In your OP you said this:



> Working today we were asked to come in an hour early 4am. This according to our rules is outside of our regular scheduled hours and subject to overtime rate.
> 
> This is the second time for me on this job where the whole crew came in early. Apparently happens frequently so I have been told.* However they have not been paying OT or even adjusting quitting time. *


 How is it that your quitting time isn't being adjusted AND you're not getting paid OT?


----------



## LGLS (Nov 10, 2007)

henderson14 said:


> Well as I said, the agreement doesn't stipulate a coffee break either.


 Past practice.


----------



## Southeast Power (Jan 18, 2009)

Locknutz said:


> Working today we were asked to come in an hour early 4am. This according to our rules is outside of our regular scheduled hours and subject to overtime rate.
> 
> This is the second time for me on this job where the whole crew came in early. Apparently happens frequently so I have been told. However they have not been paying OT or even adjusting quitting time.
> 
> ...


If you like your employer and want him to stay out of trouble, speak up. Maybe this is the brain child of a wormy foreman and the employer doesn't know what's going on.
Things like this can put a contractor out of business.
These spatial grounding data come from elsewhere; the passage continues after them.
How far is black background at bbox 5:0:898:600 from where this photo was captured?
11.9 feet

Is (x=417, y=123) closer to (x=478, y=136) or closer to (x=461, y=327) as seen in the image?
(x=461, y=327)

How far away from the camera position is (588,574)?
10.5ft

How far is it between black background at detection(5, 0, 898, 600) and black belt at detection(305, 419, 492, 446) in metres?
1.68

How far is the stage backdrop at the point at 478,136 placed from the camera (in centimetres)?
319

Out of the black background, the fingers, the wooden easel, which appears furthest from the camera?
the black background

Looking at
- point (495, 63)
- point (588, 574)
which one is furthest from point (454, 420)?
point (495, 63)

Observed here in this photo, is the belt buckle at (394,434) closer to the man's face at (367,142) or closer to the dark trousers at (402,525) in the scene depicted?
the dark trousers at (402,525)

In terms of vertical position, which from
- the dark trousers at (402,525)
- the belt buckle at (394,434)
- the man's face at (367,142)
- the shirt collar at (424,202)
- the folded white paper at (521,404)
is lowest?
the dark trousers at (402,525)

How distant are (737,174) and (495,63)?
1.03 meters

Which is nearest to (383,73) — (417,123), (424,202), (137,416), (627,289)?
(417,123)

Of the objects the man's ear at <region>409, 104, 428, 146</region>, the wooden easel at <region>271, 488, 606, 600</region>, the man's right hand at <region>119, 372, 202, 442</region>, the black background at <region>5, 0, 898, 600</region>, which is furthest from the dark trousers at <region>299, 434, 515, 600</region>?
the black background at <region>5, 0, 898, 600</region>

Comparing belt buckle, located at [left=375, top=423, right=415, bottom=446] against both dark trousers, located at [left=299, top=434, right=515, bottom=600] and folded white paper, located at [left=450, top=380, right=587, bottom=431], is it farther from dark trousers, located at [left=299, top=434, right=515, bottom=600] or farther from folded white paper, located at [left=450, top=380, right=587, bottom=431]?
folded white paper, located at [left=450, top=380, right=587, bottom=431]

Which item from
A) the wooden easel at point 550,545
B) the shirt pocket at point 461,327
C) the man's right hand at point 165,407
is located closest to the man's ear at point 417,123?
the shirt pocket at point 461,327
This is also your golden goose. Don't let it get butchered


----------



## Phatstax (Feb 16, 2014)

Seems to me that Locknutz has the right idea and is getting good advice from most. The employer signs the CBA and should know exactly what is expected from both sides. If the employer fails to uphold their part of the agreement, we should point it out (politely as some have suggested). To do so does not mean you are a troublemaker. If you do not uphold your part of the agreement, the employer will certainly point it out to you. Keep up the good fight, Locknutz.


----------



## TheWiz (Jul 9, 2013)

Does your CBA have provisions that allow the to shift the normal work hours? In my local the contractors can shift the normal hour up or back two hours to accommodate customer needs?


----------



## TheWiz (Jul 9, 2013)

But that doesn't explain why end of the day isn't earlier or why no OT. Are you working4 or 5 days a week?


----------



## Locknutz (Sep 7, 2012)

We have the same provision for shift work. That falls into a different category. Typically all the contractors that I have been with would let you out a half hour earlier in lieu of the OT. 
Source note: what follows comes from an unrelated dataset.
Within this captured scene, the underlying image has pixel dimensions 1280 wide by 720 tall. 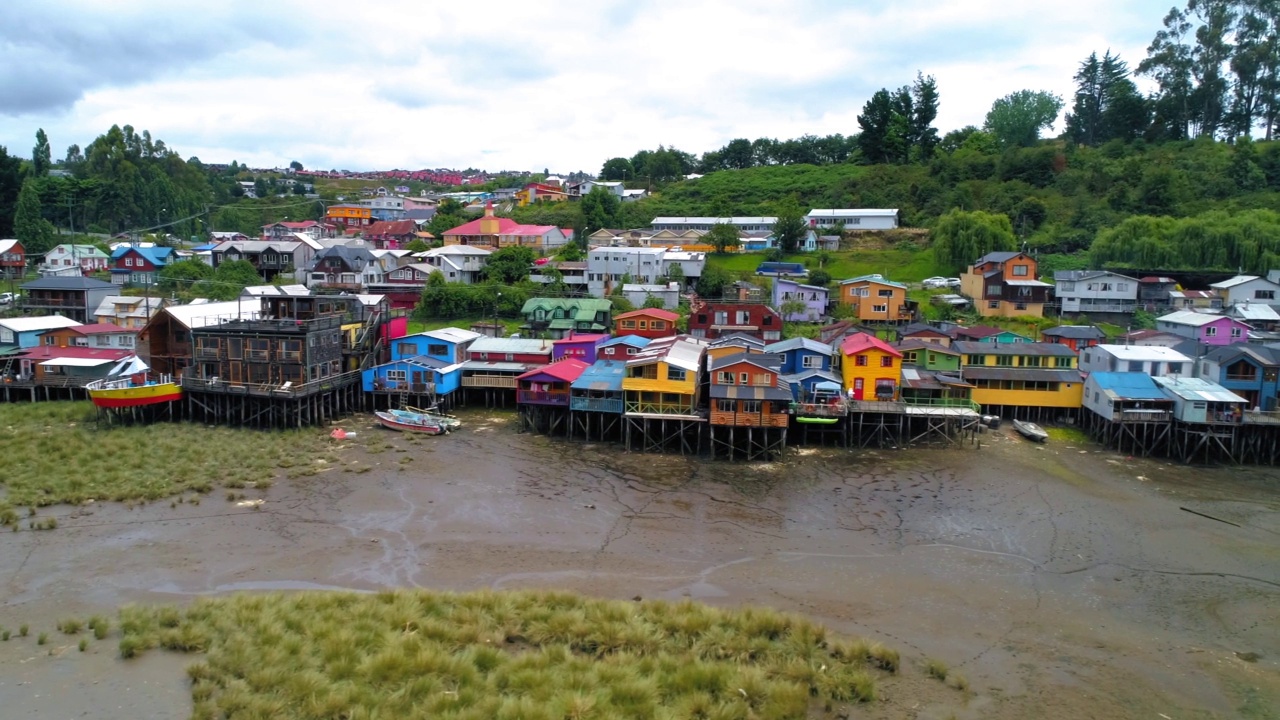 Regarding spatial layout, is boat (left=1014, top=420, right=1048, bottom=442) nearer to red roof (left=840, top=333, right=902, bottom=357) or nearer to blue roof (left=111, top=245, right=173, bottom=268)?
red roof (left=840, top=333, right=902, bottom=357)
I believe but can't confirm that this is the workings of upper management/pm. The crew that is here stays with him and seems they are happy to stay working and fear that they will be shipped out if they speak up.


----------



## flyboy (Jun 13, 2011)

All things being equal and assuming you are legally entitled to the OT, you could just keep track of it and when it comes time to move on, for whatever reason, then submit your well documented case for the OT payment.

Since your worried about being laid off, or how this will be viewed by management, this will give you time to think about how you want to handle it. If things go south with the job for other reasons then you can submit your proof for payment. 

Or things may go well and you'll decide to just let it go. 

However, this isn't how I would handle it. I tend to agree with eejack's position on this one.


----------



## OaklandElec (Jan 4, 2011)

ponyboy said:


> He's not starting early and leaving early. They're starting early and working late and not even being compensated accordingly. If this was open shop business I know some people on here who would shít a bird. Bottom line is if it's in the agreement it's not up to the shop or the crew, it's up to the collective and they've already spoken


Wouldn't happen at any open shop I've worked at. We don't have to worry about blacklisting, so we actually stand up for ourselves.


----------



## ponyboy (Nov 18, 2012)

OaklandElec said:


> Wouldn't happen at any open shop I've worked at. We don't have to worry about blacklisting, so we actually stand up for ourselves.


Yeah I'm sure


----------



## Locknutz (Sep 7, 2012)

flyboy said:


> Since your worried about being laid off, or how this will be viewed by management, this will give you time to think about how you want to handle it.


Stated previously that I have addressed it with the foreman. Not worried about being laid off. I'm not asking for anything more than what is owed.


----------



## Bad Electrician (May 20, 2014)

You ave a contract the foreman knows this, the other workers know this and the owner knows this. They should be abiding by the written agreement.

After 8 no matter what the start time is OT and you should be receiving that anything less and they are taking YOUR MONEY.


----------



## Awg-Dawg (Jan 23, 2007)

Locknutz said:


> Stated previously that I have addressed it with the foreman.


 Now that you have to talked to the foreman and nothing has happened.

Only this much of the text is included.